Courtown RNLI share a couples love by naming lifeboat after ‘Frank’

Pic: Courtown RNLI Lifeboat. Photo courtesy RNLI Press Office

A inshore D class lifeboat for Courtown RNLI is to be officially named Frank during a ceremony at the lifeboat station at 3pm today.

The lifeboat which went on service in January 2020 is funded by the late Frank Watkin, and his wife Kathleen, who together shared a love for the sea and sailing in particular.

Frank and Kathleen were married in Bishopstoke in England after Frank’s work took him from the Ford Motor Company office in Essex to the Ford Transit manufacturing factory in Southampton. He soon decided he preferred Hampshire to Essex and when the couple were married, they bought a yacht which was kept in Chichester Harbour where they spent many happy and exciting ventures both around the harbour and into the Solent.

After Frank died and with no immediate known relatives, Kathleen had a decision to make with what she wanted to do with her inheritance.
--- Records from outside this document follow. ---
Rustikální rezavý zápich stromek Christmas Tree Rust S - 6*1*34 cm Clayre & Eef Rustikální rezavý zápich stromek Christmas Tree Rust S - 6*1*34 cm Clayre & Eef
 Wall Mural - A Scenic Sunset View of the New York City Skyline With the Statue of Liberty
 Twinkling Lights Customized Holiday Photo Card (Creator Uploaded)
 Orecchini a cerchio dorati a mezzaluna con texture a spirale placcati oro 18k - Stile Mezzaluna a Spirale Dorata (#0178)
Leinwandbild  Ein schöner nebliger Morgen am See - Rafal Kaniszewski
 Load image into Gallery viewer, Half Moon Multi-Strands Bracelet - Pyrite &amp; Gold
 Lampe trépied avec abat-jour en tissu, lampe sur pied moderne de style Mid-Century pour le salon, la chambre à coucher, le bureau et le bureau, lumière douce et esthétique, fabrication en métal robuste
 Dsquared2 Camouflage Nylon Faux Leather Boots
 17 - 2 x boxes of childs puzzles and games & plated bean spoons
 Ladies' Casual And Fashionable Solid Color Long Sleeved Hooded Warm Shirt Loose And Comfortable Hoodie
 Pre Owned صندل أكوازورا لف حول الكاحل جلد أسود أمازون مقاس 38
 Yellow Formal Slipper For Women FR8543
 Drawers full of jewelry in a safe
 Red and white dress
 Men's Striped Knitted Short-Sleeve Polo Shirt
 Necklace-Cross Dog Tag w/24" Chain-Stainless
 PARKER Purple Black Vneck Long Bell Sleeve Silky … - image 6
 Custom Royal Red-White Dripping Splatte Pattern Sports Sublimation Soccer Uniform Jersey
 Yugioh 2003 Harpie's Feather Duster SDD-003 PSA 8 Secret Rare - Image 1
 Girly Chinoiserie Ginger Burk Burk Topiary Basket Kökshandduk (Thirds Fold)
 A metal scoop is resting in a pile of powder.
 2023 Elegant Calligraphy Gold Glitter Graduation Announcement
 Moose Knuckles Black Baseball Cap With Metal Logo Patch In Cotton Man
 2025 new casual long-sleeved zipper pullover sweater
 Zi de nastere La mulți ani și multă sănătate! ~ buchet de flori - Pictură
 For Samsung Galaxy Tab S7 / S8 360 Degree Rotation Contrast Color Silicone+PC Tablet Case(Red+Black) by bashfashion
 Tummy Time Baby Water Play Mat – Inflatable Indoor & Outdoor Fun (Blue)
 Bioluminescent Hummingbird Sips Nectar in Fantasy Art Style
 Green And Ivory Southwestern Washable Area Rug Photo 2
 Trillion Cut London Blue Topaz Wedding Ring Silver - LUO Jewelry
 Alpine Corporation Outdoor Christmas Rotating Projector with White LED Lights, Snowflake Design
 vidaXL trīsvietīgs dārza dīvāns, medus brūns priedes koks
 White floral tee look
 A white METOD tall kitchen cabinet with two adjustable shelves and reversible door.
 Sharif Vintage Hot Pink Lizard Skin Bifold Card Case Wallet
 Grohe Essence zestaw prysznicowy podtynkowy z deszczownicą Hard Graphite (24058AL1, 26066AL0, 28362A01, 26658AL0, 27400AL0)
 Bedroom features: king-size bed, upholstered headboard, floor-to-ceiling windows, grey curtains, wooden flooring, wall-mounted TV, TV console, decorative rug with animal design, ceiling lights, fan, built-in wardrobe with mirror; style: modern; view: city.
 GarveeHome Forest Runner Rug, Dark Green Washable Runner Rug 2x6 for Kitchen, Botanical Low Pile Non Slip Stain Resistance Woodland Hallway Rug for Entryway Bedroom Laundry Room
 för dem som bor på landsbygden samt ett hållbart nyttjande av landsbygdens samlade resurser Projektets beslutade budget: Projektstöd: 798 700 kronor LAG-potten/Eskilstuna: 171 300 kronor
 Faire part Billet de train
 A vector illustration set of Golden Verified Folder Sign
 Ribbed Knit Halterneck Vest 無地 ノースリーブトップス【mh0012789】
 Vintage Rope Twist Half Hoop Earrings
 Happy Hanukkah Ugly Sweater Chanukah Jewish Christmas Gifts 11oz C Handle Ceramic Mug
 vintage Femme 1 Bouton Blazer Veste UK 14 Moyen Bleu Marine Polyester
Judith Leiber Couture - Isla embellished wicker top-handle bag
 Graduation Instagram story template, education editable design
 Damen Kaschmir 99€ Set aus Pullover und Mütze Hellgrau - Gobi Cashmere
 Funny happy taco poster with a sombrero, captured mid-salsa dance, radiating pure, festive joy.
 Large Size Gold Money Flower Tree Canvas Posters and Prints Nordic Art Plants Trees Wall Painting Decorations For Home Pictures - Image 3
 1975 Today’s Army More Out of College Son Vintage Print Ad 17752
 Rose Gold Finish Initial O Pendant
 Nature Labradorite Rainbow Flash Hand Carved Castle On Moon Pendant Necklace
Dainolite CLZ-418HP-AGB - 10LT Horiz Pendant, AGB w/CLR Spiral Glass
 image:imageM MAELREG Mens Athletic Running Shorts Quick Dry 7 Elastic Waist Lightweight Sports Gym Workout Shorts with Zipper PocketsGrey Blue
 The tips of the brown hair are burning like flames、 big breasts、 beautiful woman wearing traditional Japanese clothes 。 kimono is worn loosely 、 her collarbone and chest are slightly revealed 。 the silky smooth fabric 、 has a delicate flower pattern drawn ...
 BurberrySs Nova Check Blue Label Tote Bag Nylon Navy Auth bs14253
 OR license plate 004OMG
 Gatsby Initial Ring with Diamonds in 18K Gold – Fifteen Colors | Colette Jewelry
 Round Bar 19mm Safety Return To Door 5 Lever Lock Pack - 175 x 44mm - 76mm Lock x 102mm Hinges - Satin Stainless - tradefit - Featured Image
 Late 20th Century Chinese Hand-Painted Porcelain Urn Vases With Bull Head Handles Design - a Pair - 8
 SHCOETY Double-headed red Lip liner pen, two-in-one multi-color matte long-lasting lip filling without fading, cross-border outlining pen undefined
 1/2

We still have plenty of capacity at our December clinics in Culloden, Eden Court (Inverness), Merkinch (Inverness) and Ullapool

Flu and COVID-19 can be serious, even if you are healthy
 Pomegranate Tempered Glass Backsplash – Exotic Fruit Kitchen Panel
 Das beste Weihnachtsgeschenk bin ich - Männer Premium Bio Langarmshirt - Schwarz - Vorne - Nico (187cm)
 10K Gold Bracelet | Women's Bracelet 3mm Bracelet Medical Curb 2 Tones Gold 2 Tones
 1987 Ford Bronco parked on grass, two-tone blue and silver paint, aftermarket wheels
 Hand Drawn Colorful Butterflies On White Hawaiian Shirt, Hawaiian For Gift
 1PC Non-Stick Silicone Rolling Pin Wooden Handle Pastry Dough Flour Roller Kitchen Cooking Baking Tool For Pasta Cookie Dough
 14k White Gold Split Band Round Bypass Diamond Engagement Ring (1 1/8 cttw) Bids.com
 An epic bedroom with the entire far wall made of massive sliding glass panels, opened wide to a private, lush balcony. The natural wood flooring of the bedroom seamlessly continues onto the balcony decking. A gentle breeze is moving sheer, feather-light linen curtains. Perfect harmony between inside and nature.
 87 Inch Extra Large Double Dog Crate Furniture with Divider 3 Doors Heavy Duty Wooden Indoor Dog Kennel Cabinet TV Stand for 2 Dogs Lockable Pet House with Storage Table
With a passion for the sea and sailing, she visited the RNLI Support Centre in Poole and after what she described as an educational and exciting trip, she was captivated and decided she wanted at that point to put some funds into the charity that saves lives at sea rather than wait until she passed away.

At the same time, the next lifeboat being built was waiting for funds and was partially constructed at the RNLI boatyard in East Cowes on the Isle of Wight. It was arranged for Kathleen to visit and see the lifeboat she would later name Frank, in the final stages of its construction. She was joined by good friends Martin and Liz Bandey who Frank and she met via their local Rotary Club and with whom the couple had enjoyed their love for the sea.

Talking about that trip and the lifeboat’s subsequent arrival in Courtown, Kathleen said: ‘It was very interesting and one of the best things I had done in years, and I am glad she (Frank) has arrived safely in Ireland. I have a love for Ireland – I used to work for Aer Lingus many, many years ago.’

Unfortunately, Kathleen is unable to attend today’s event in Courtown, but her wish to have a lifeboat named after her husband Frank will be granted. She will be represented at the ceremony by the couple’s good friends Martin and Liz.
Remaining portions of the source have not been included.